An independent contract worker is someone who provides a service or product to another person, company, or organization, a transaction which is usually described in a contract or spoken agreement between the two parties. An independent contractor is not the same as a employee. Contract workers are less likely to work on a permanent, full-time basis for an employer, but instead work when required. In the United States, companies that hire contractors and pay them more than $600 in one year are required by law to report these payments to the Internal Revenue Service (IRS).
Difference From an Employee
Independent contractors are self-employed. They usually do not get benefits from their employer. They may be paid by the hour or by the project as opposed to getting an annual or monthly salary. The Supreme Court has outlined several key differences between hired employees and contract workers. The following are used to help employers distinguish between the two types of work:
- The more an individual is implicated in the business of the employer, the more likely he or she is to be an employee.
- Permanent, established relationships tend to be employer-employee.
- If the individual brings or uses his or her own equipment to work, he or she is more likely to be a contractor.
- When the worker has more control over work responsibilities, they are more likely to be an employee.
- A worker who has more financial risk as opposed to stability is likely to be a contractor.
- Work that is entrepreneurial or distinctive in nature usually favors an independent contractor relationship.

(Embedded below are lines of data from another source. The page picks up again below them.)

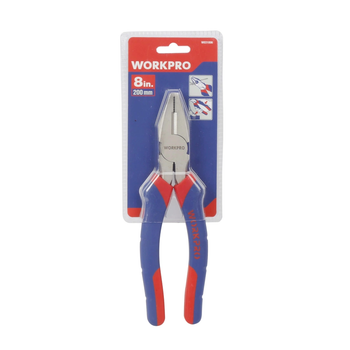 Плоскогубці WORKPRO 200 мм Ni-Fe PRO W031006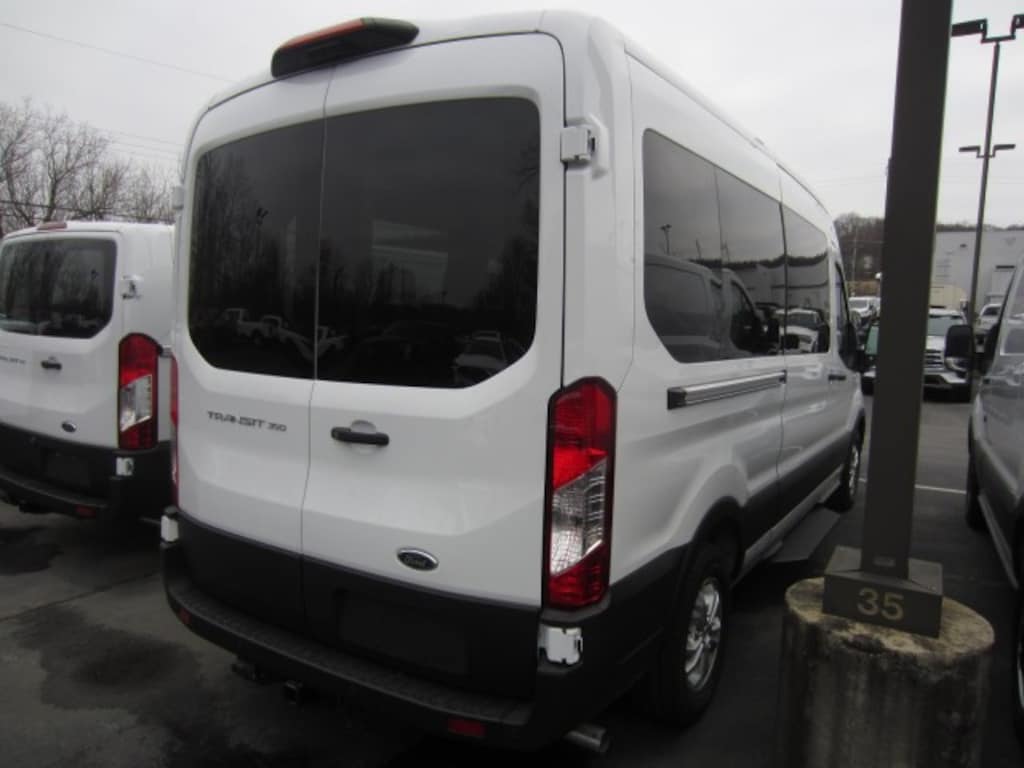 New 2024 Ford Transit 350 Medium Roof 12 Passenger XL Van Wagon Medium Roof Van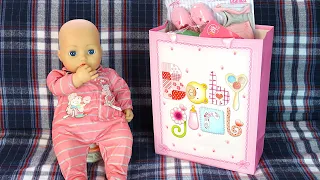 Подарки на День Рождения Беби Анабель Мультики для детей Как Мама Играла в Куклы Пупсики 108мама тв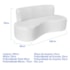 Kit Sofá Curvo Amsterdã 160cm e Poltrona Luiza Max Bouclé Branco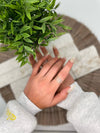 SILVER PLATED ADJUSTABLE RING - OPEN LOOPS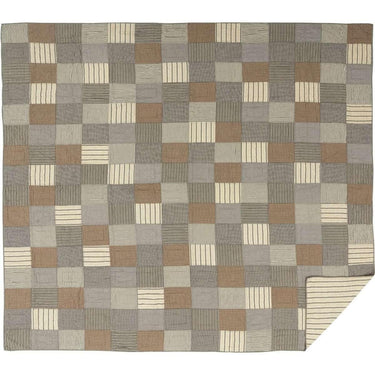 Sawyer Mill Charcoal California King Quilt 130Wx115L VHC Brands - The Fox Decor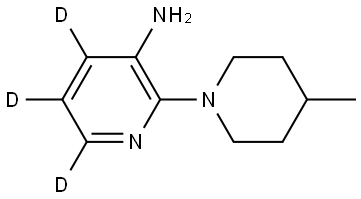 2-(4-methylpiperidin-1-yl)pyridin-4,5,6-d3-3-amine Structure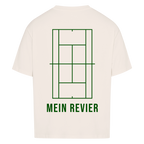 Mein Revier auf Oversized Shirt, Farbe naturweiß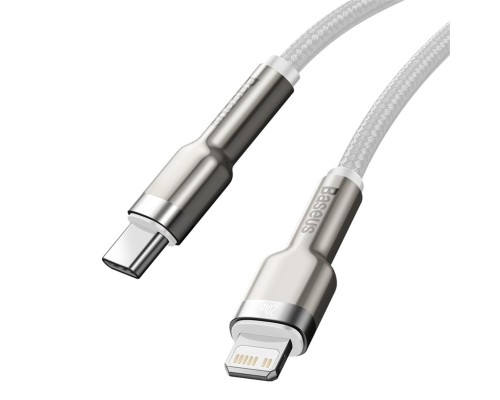 Кабель Baseus Cafule Series Metal Data Cable Type-C to iP PD 20W 2m White (CATLJK-B02) Кабель Baseus Cafule Series Metal Data Cable Type-C to iP PD 20W 2m White (CATLJK-B02)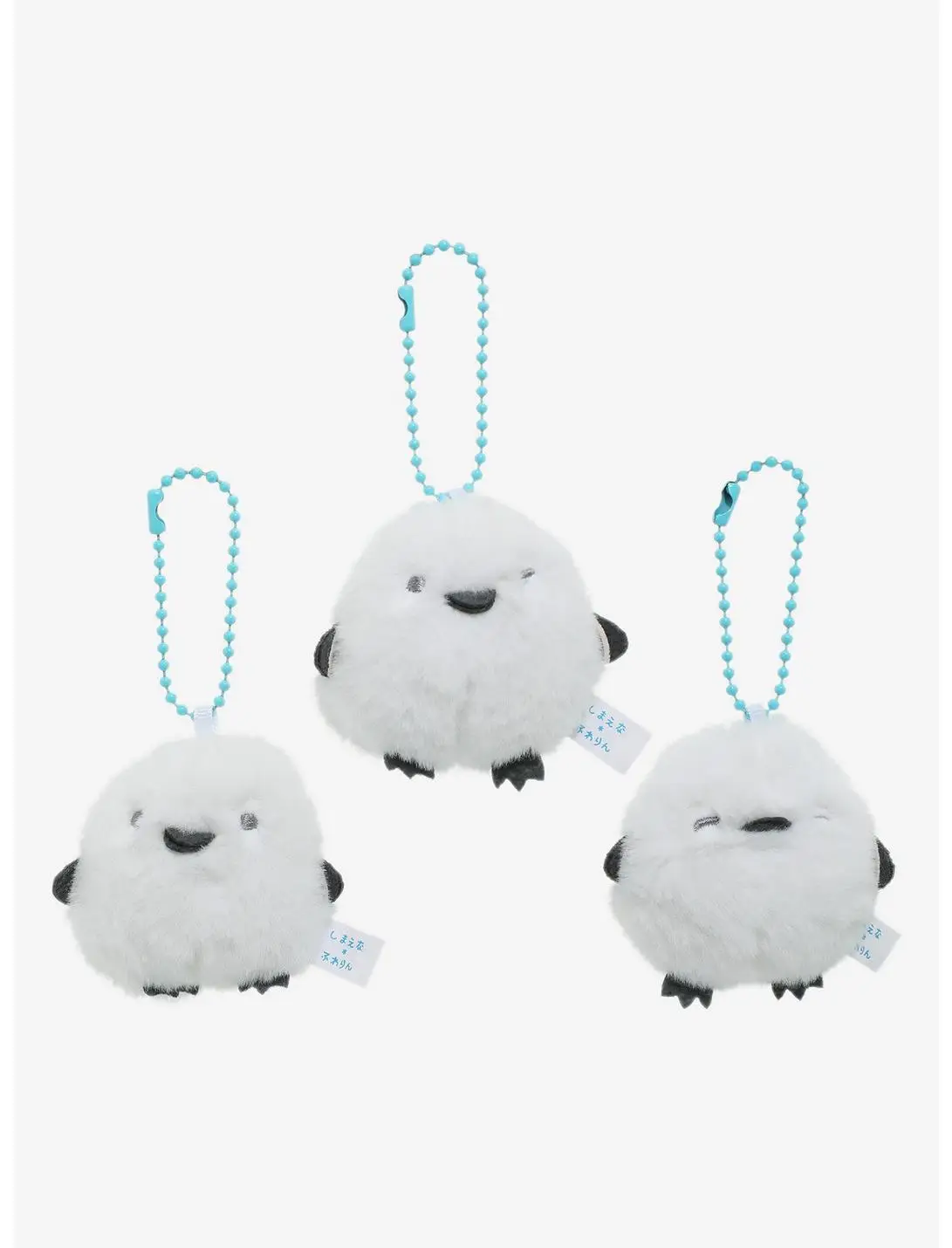 Fluffy Bird Blind Assorted Plush Clip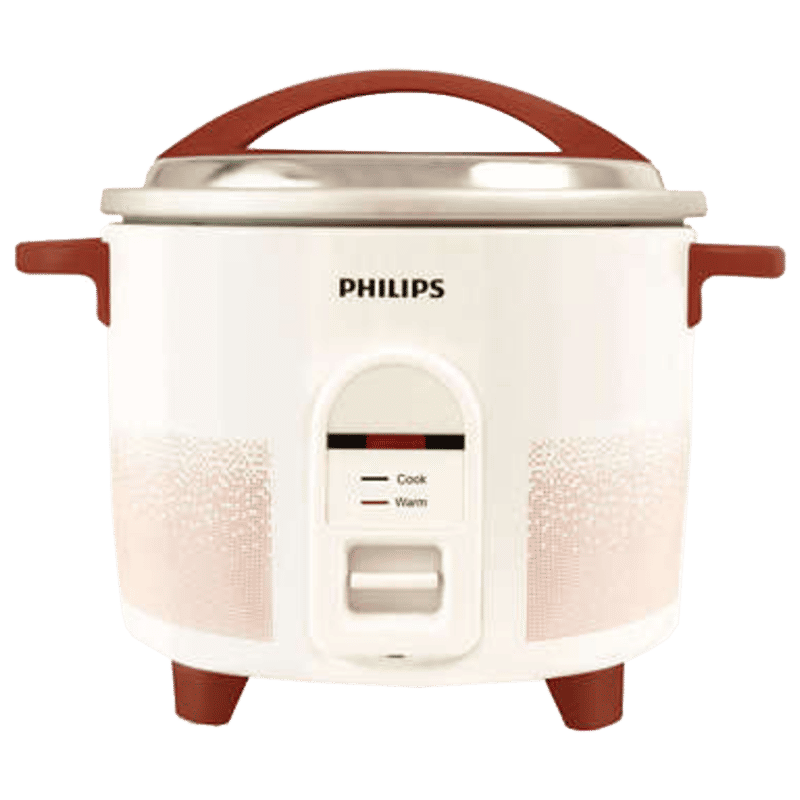 Philips 750 Watt Rice Cooker (HL1666/00, White/Pistil Red) Philips 750 Watt Rice Cooker (HL1666/00, White/Pistil Red)_1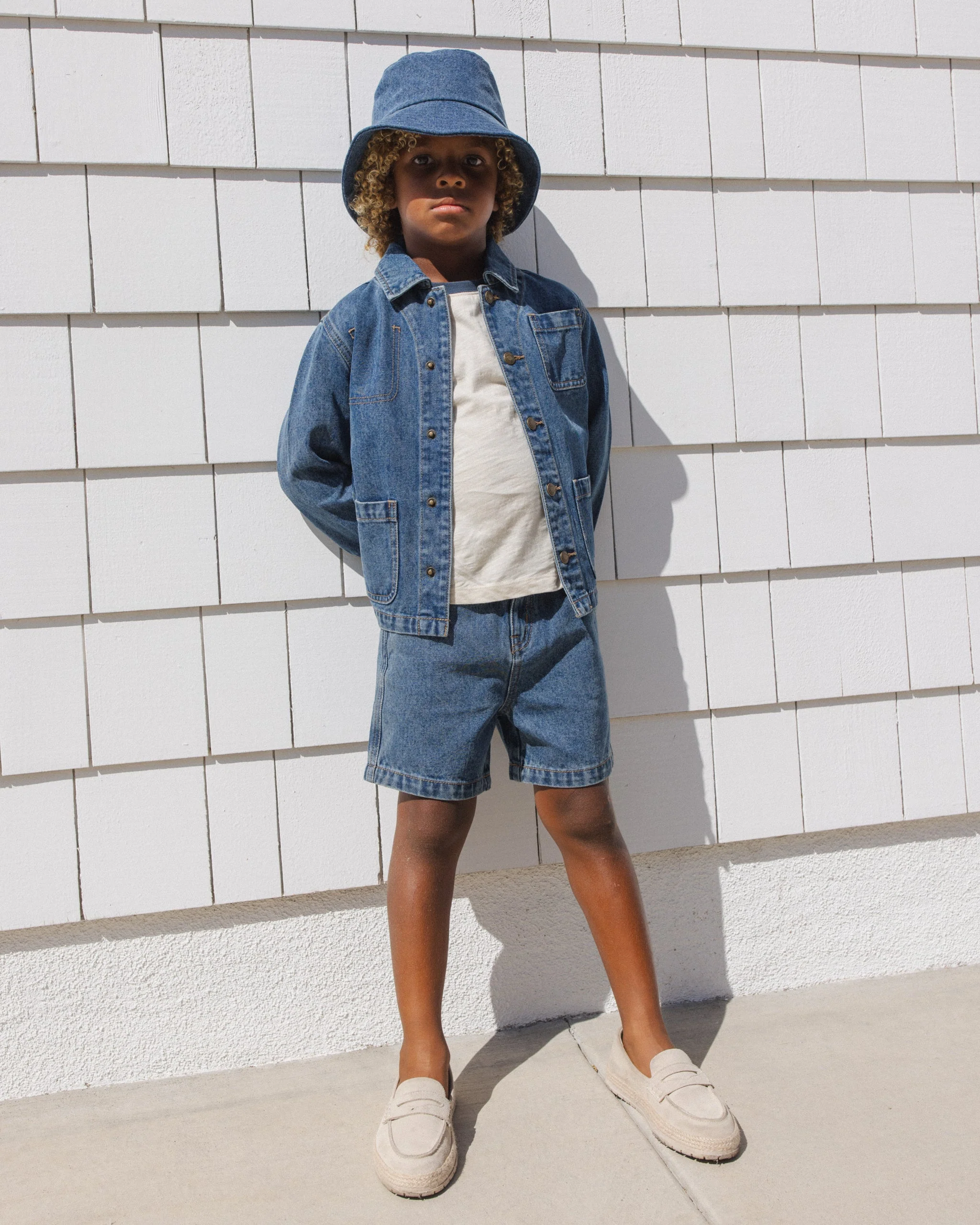 Denim Chore Coat Navy - Image 6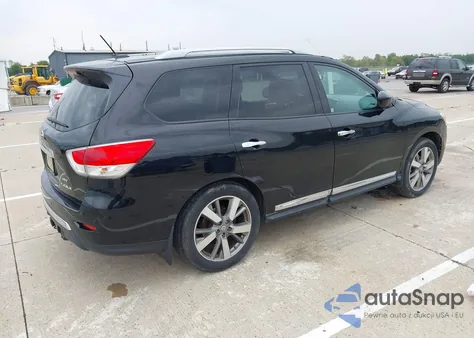 2013 Nissan Pathfinder Platinum from USA, damaged, VIN 5N1AR2MM6DC623030
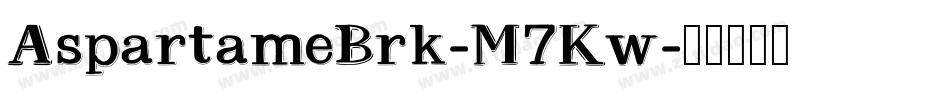 AspartameBrk-M7Kw字体转换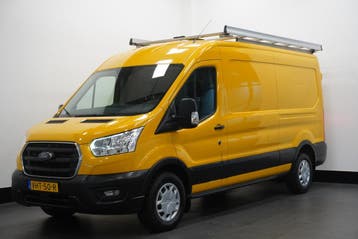 Ford Transit 2.0 TDCI 130PK L3H2 EURO 6, Gebruikt, Lederen bekleding, Ford, Onderhoudsboekje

People who offer their services to the public or to private organizations in some capacity or another are usually independent contractors. Some common professions include professionals who own private practices in the health services field, such as doctors, dentists, veterinarians, masseuses, or midwives. Other common professions include those who provide specific legal services to companies or individuals, such as lawyers or accountants. People who are highly specialized in a specific field and offer consulting are also considered independent contractors. Many independent contractors are also hired by families. These include hair stylists, cleaners, nannies, gardeners, or pool maintenance service people.
Pros and Cons
Working as an independent contractor has benefits that being an employee doesn’t. It’s a good option for professionals with very specific knowledge who like the variety of working for a number of different organizations or individuals at the same time. Independent contractors tend to have more freedom; they can complete work when they want as opposed to working nine to five. Of course, with added freedom comes added responsibility. Independent contractors must be highly motivated to complete the work that they have as they typically aren’t supervised by their employer. In addition, working as an independent contractor comes with added risk; contractors don’t have the long-term job security that employees have.
An independent contractor is someone who works for an employer on a more casual basis than a full-time employee. He or she may be in a specialized field or have specialized services or goods to offer.